Giesecke+Devrient : « Nouvelles technologies : la diversité à cœur ouvert »
Depuis sa sortie des Mines de Paris, Gabrielle Bugat a su relever des défis majeurs à l’international, dans le domaine de la sécurité digitale. Aujourd’hui, elle gère l’activité cartes et paiements digitaux de Giesecke+Devrient (G+D). Retour sur son parcours, et sur sa vision de la diversité.
Quelles ont été les étapes les plus structurantes de votre parcours ?
En 21 ans de carrière, je n’ai eu que deux employeurs : d’abord embauchée par Schlumberger, dans la division carte à puce devenue indépendante en 2004 puis cotée (Gemalto), j’ai ensuite rejoint G+D en 2017.
La culture Schlumberger est une référence en matière de management et de diversité, permettant à tout élément prometteur de rapidement gagner en expérience. Ainsi, dès 26 ans, j’ai obtenu mes premiers galons de manager, comme directrice technique en Amérique latine. Pour répondre à la forte demande du marché télécom, j’ai recruté nombre de jeunes ingénieurs, tout juste sortis des universités du Mexique, du Brésil, d’Argentine ou de Colombie. J’ai appris à composer avec leur créativité, puis à les accompagner dans leurs choix de carrière.

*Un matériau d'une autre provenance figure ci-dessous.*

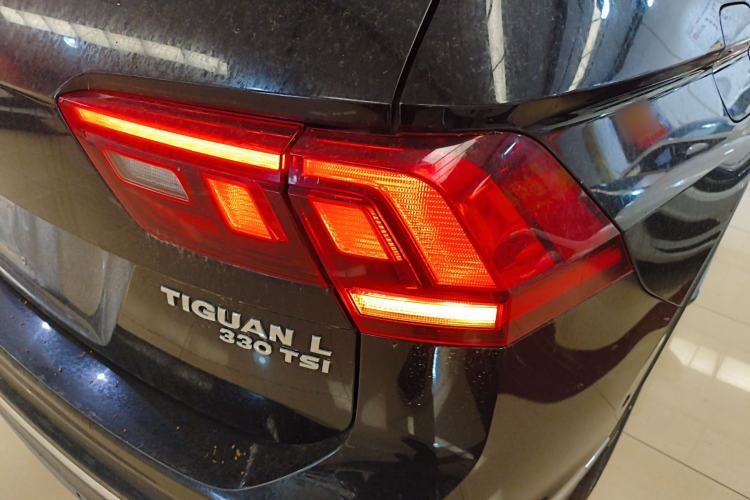 Used Volkswagen Tiguan L 2019 Revised 330TSI Automatic Two-Wheel Drive Smart & Luxury Edition China VI Standard Right Rear Taillight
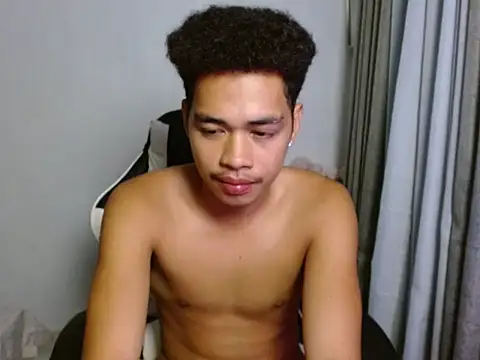 curlyasian_njxx webcam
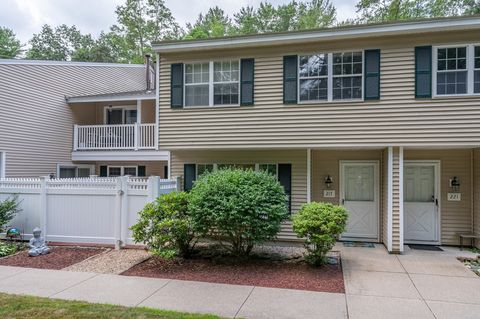 217 Edgebrook Dr 217 Boylston MA 01505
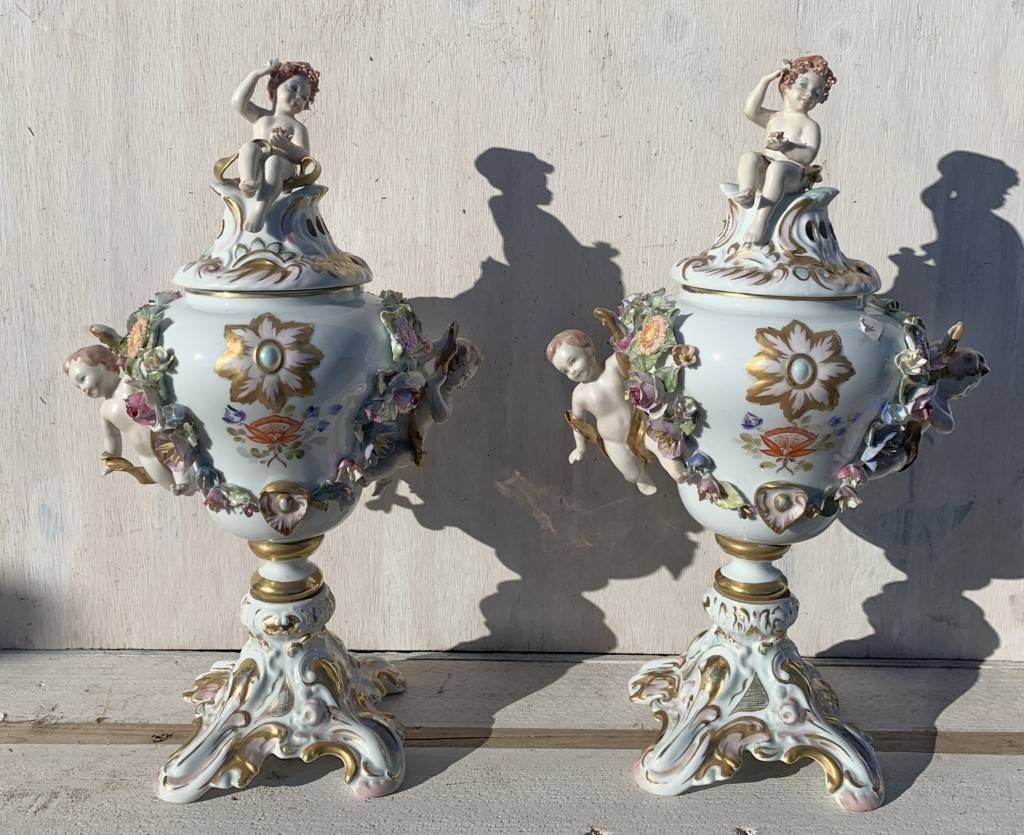 Coppia di vasi brucia-incenso in porcellana policroma. Capodimonte, XIX sec.-photo-3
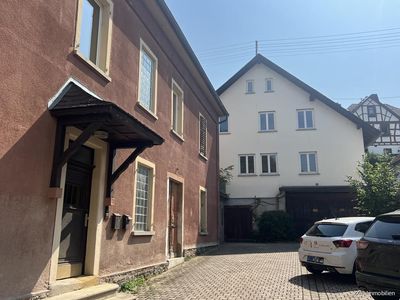 Zwei- und Dreifamilienhaus auf gemeinsamem Grundstück mit Entwicklungspotenzial in Lorch
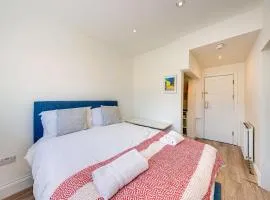 Cozy Room at Wembley near Stadium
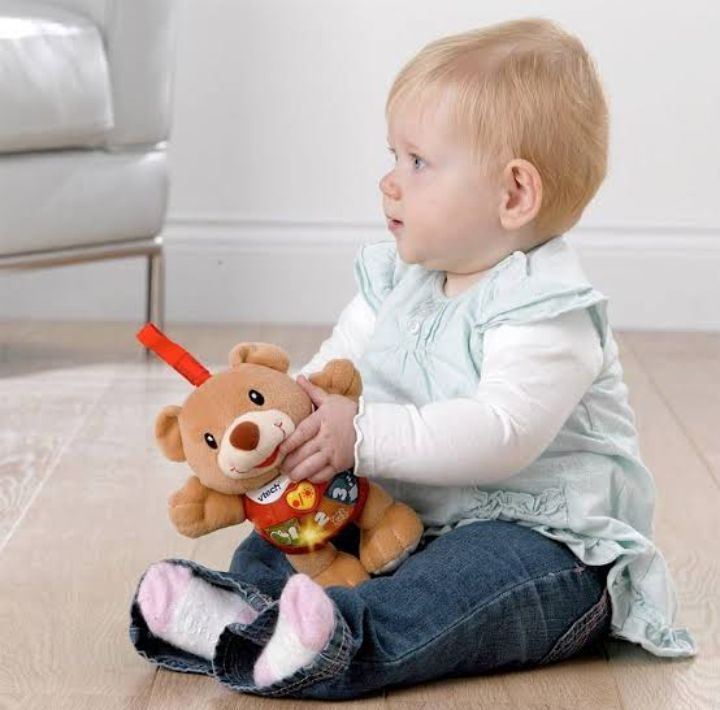 VTech%20Little%20Singing%20Alfie%20toy%20for%20kids%20-%20Image%202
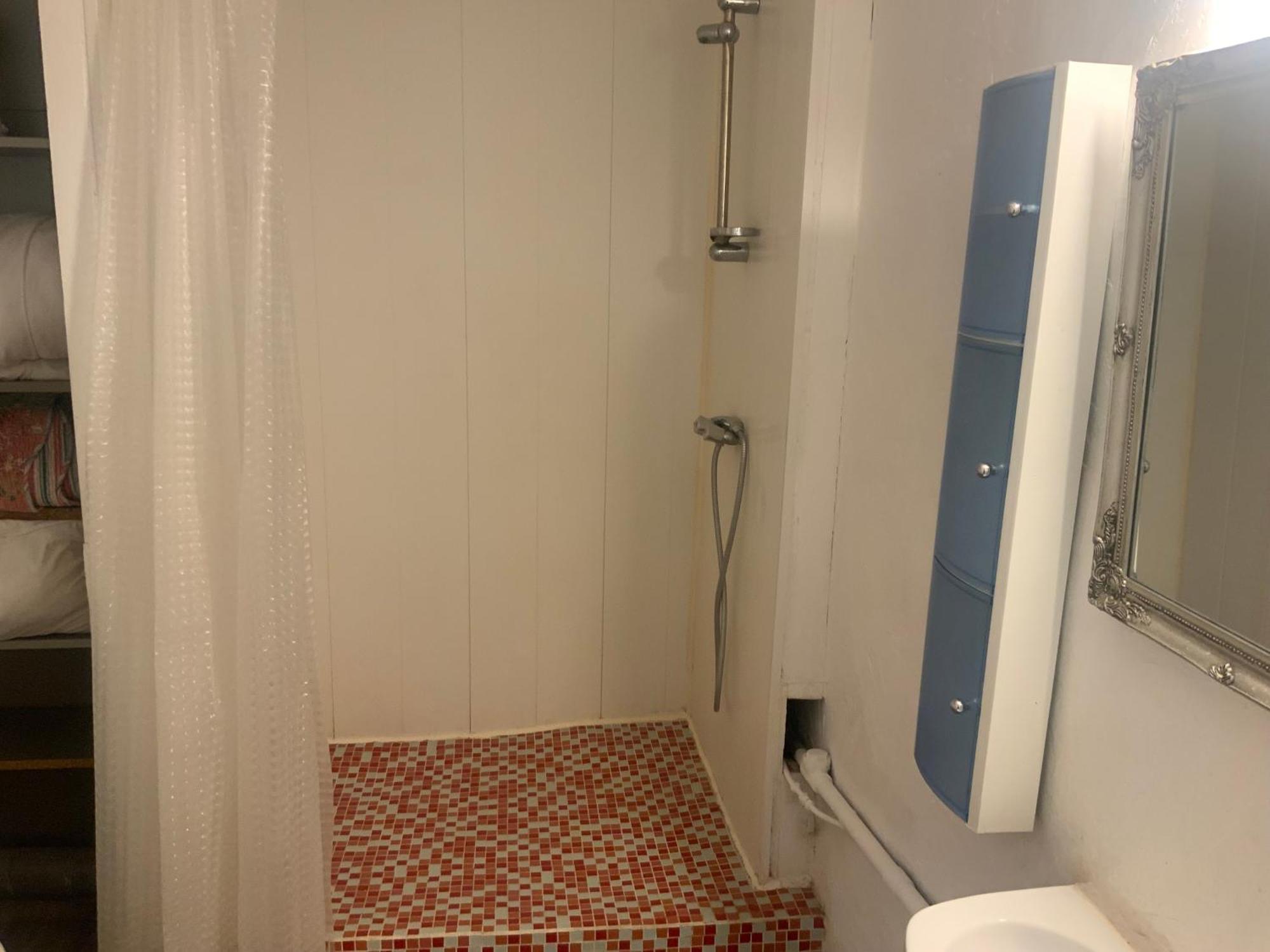 Pour 4 Face A La Piscine Apartment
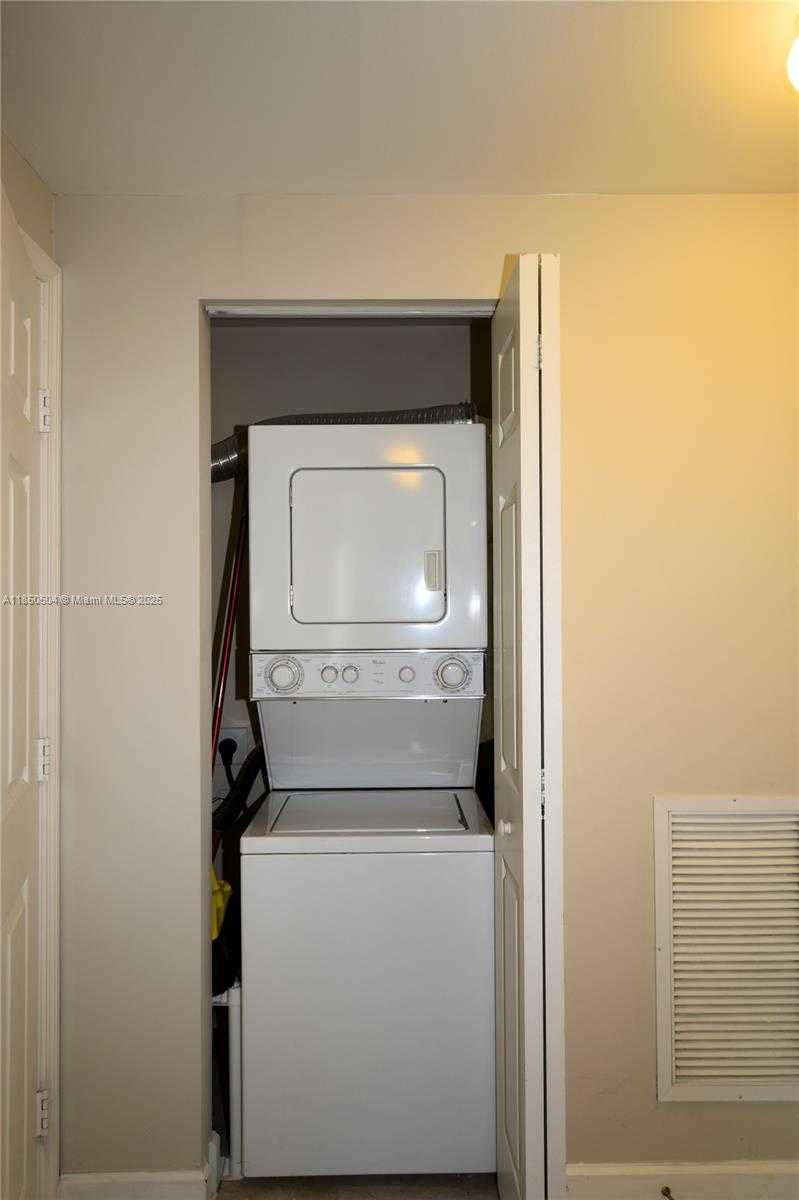 Small Image of 50 MENORES AVE #502, Coral Gables Number 8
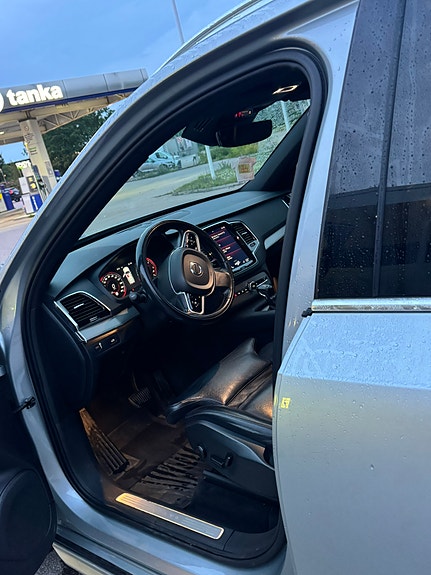 Volvo XC90 4 of 17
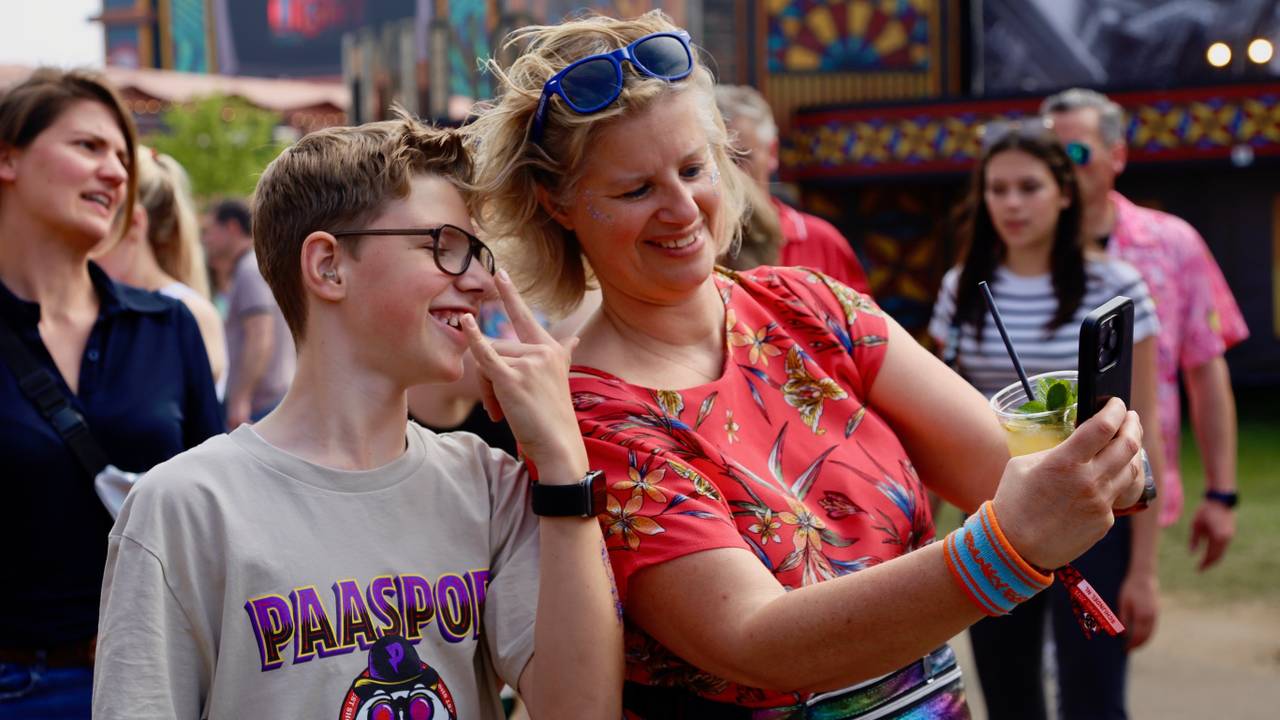 Chris is voor het eerst een weekend mee naar Paaspop met zijn moeder (foto: Lobke Kapteijns).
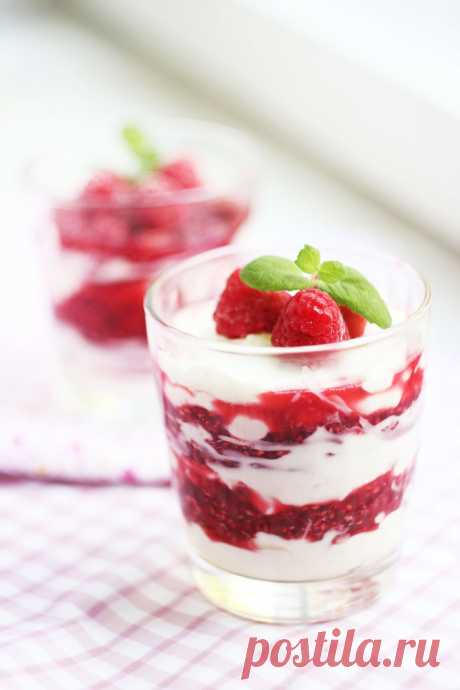Рецепт ягодного десерта со сливочным кремом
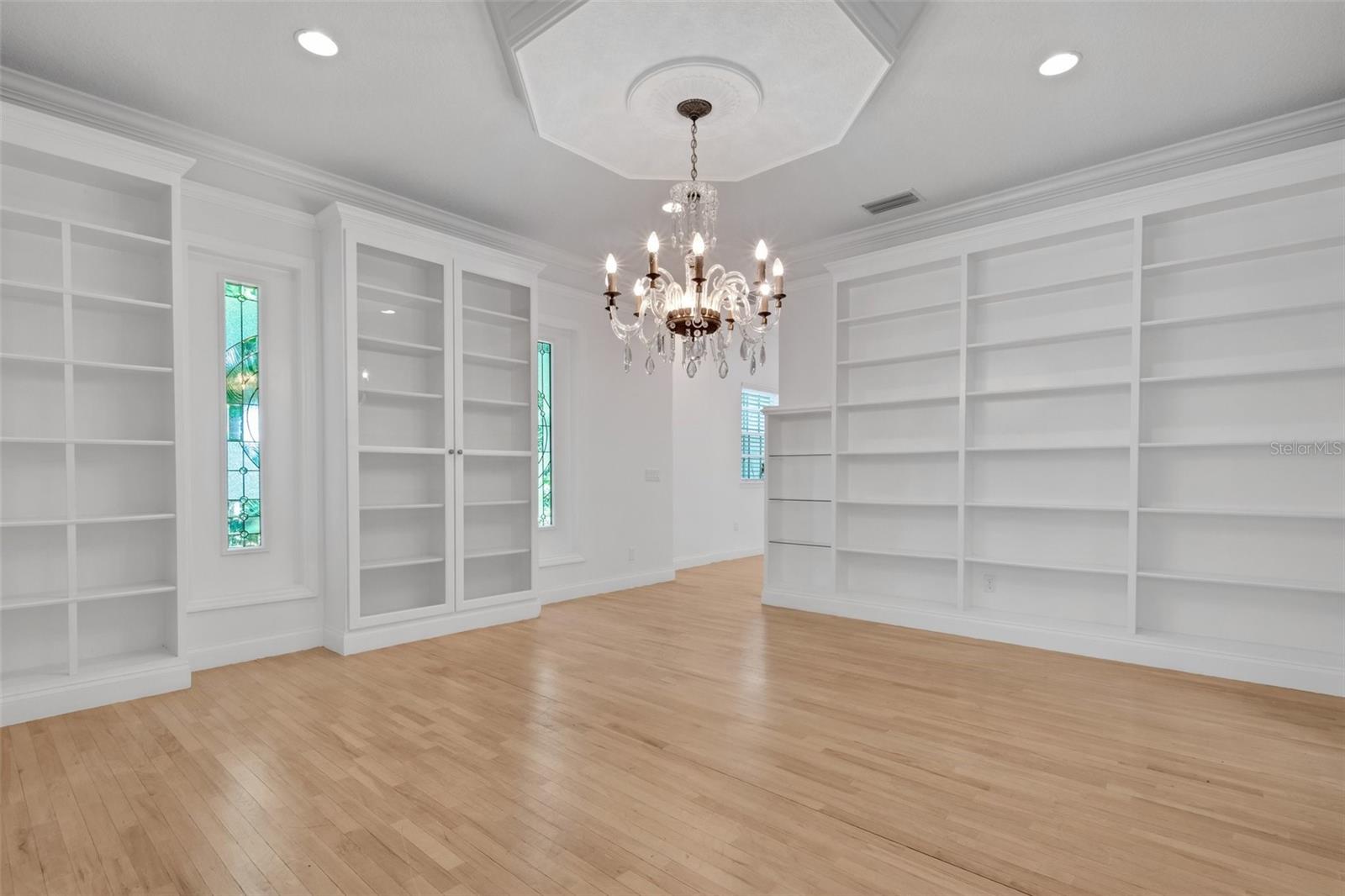 6704 CRESCENT LAKE DR, LAKELAND, FL, 33813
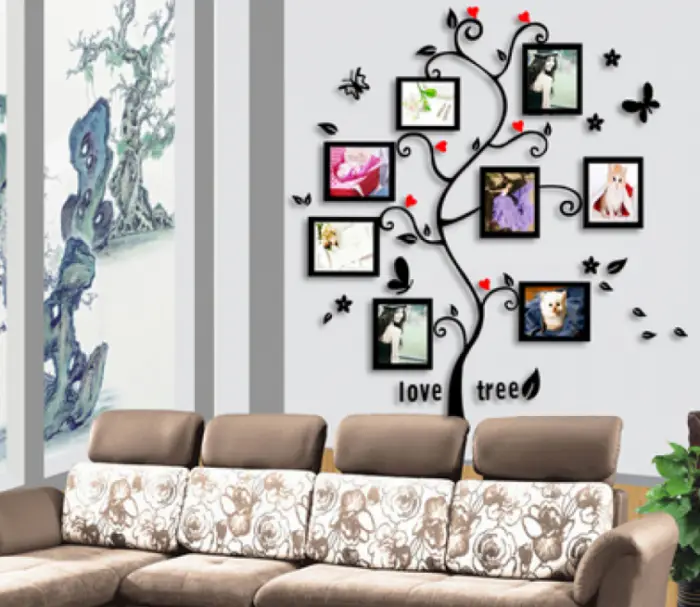 fotos de pared en un árbol en la sala de estar. 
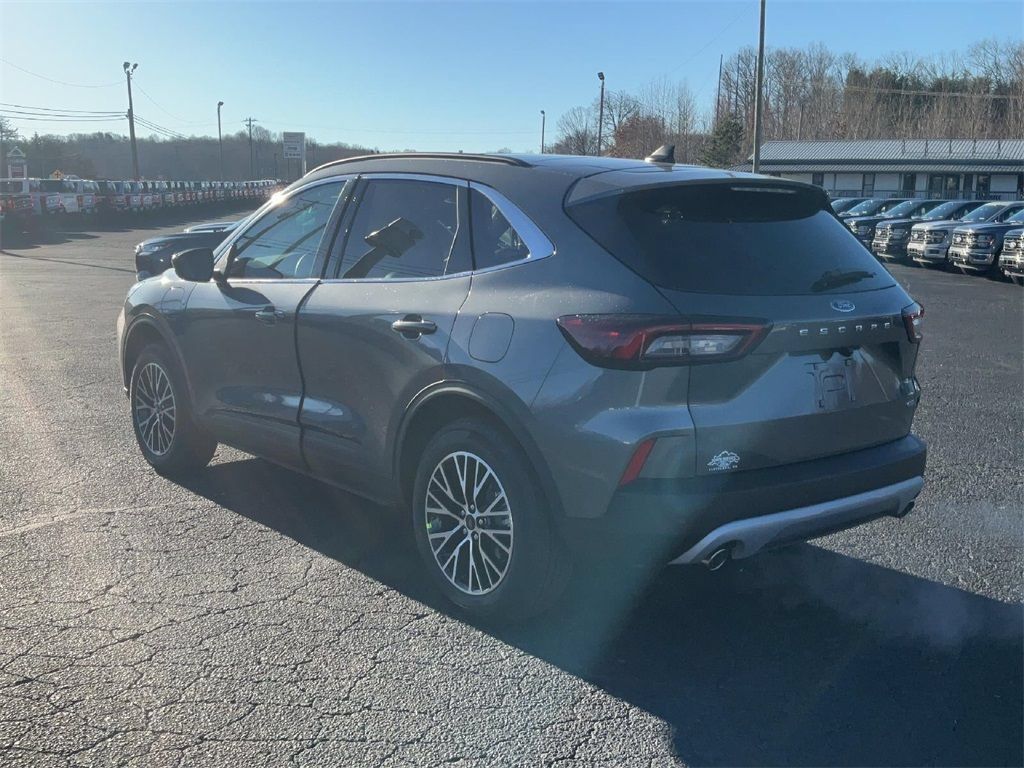 New 2025 Ford Escape SE FWD image 7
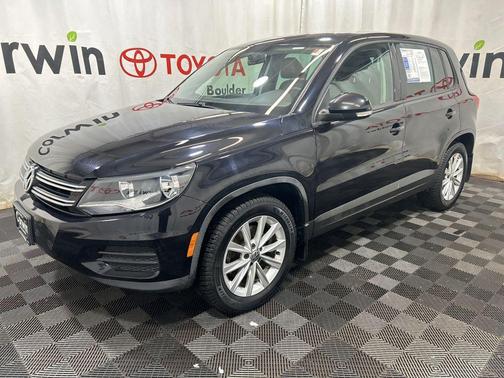 Deep Black Pearl 2014 Volkswagen Tiguan 4MOTION Auto SE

De retour en France, j’ai basculé vers une responsabilité P&L (“profit & loss”), avec la gestion du business « banque » sur l’Europe de l’ouest et l’Afrique, puis celle, mondiale, des services bancaires. Que nos pratiques en matière de paiement sont différentes, de la Chine aux Etats-Unis, du Nigéria à la Suède ! Ce constat m’a amenée à privilégier des équipes produits très diversifiées et multisites.
En 2017, j’ai rejoint G+D, acteur majeur du paiement tout-terrain : tous pays et tous formats, du billet à la carte, du mobile à la monnaie digitale. Cette paytech de 170 ans est une entreprise familiale allemande, spécialiste des technologies de la sécurité, diversifiée dans la connectivité, les identités et les infrastructures digitales.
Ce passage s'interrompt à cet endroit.